Prepare for major cyber-attack, warns National Cyber Security Centre

Speaking at an event hosted by security software company Symantec, Ian Levy said he was “reasonably confident” that a major attack will happen, and that organisations should be prepared.

“Sometime in the next few years we’re going to have our first – what we would call – category-one cyber-incident; one that will need a national response.”

Levy said he expects the initial reaction to a category-one attack to be assertions that nothing could be done to stop it, but that an independent investigation will show that the attack was entirely preventable. Much of the blame, he said, should be levelled at organisations that don’t understand the data they have, and try to outsource their risk to firms that only mystify the process of cybersecurity.

“My concern is that, unless we start to put some science and some data behind cybersecurity, and start to demystify it, [a major attack] is really going to happen.
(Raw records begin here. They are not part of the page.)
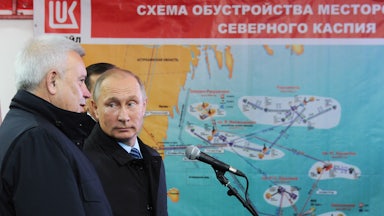 Vladimir Putin stands in front of an oil schematic while listening to another man talk.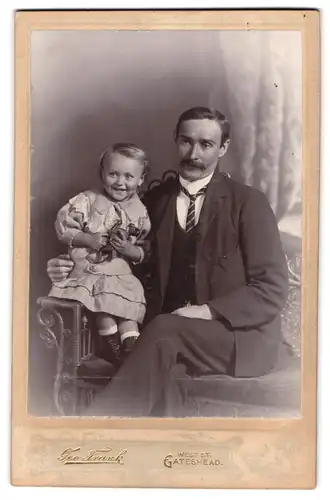 Fotografie Geo Frank, Gateshead, Vater sitzt neben seinem Kind, Mutterglück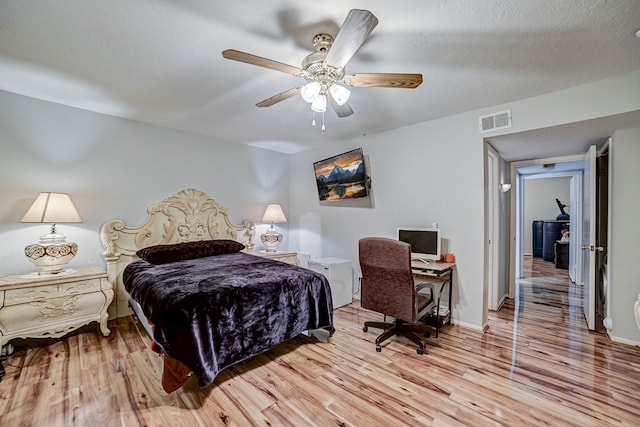 bedroom featuring a textured ceiling, light hardwood / wood-style flooring, and ceiling fan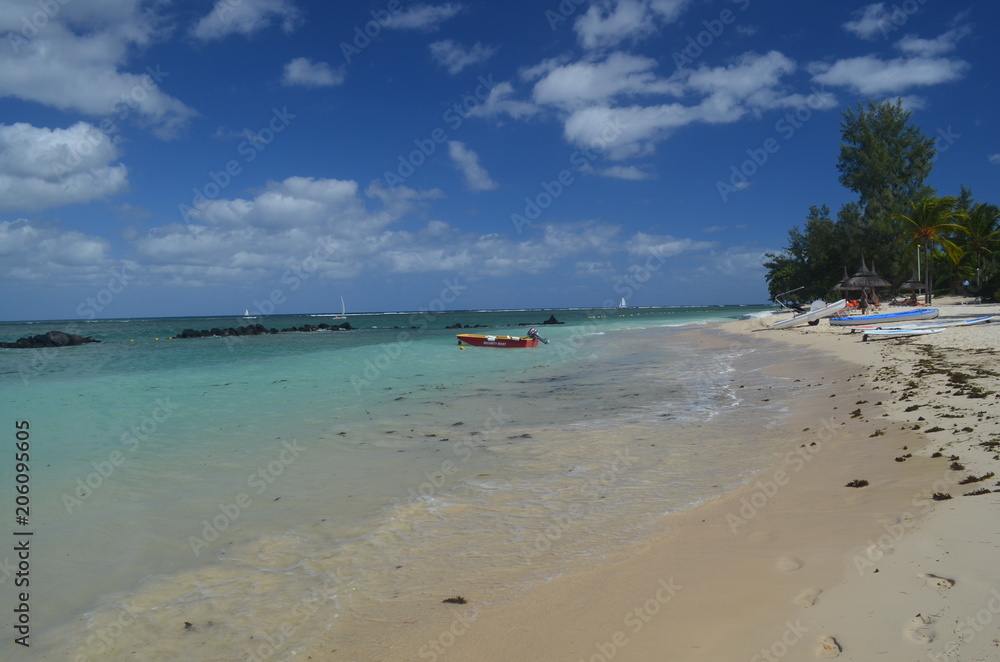 Turquoise water and a white sandy beach with a blue sky and a red boat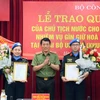 Thượng tướng Lương Tam Quang, Thứ trưởng Bộ Công an trao Quyết định của Chủ tịch nước cho 2 sỹ quan Công an Nhân dân đi thực hiện nhiệm vụ gìn giữ hòa bình Liên hợp quốc. (Ảnh: TTXVN phát)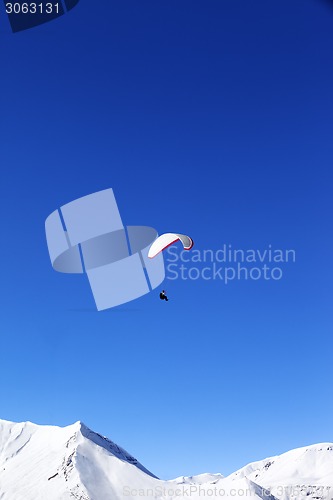 Image of Paraglider in snowy winter mountains at sun day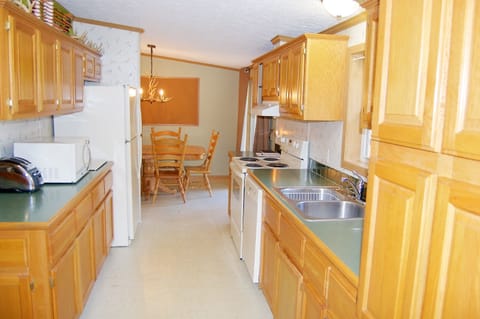 Fully applianced kitchen with stocked cupboards for your cooking/baking needs.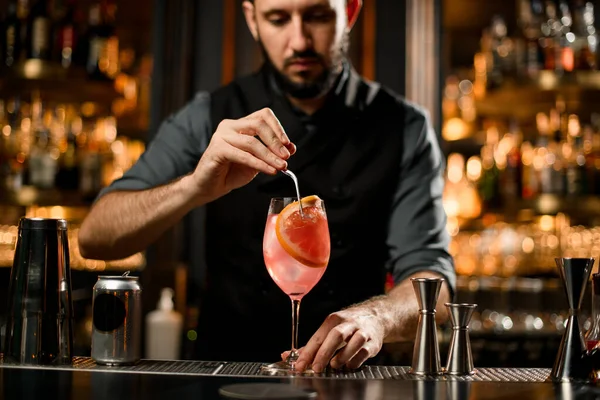 Barman doet grapefruitschijfje in een drankje — Stockfoto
I think we can stop it happening, but the trajectory I see at the moment around how cybersecurity is talked about – how people put militaristic analogies around it that make people feel they can’t defend themselves – is actually really dangerous.

“We want to publish data, publish evidence, and make sure people know how to do risk management properly. Because in the end, cybersecurity is just risk management. You do legal risk management, you do HR risk management, you do finance risk management. Why is cybersecurity so fundamentally different? I don’t think it is.”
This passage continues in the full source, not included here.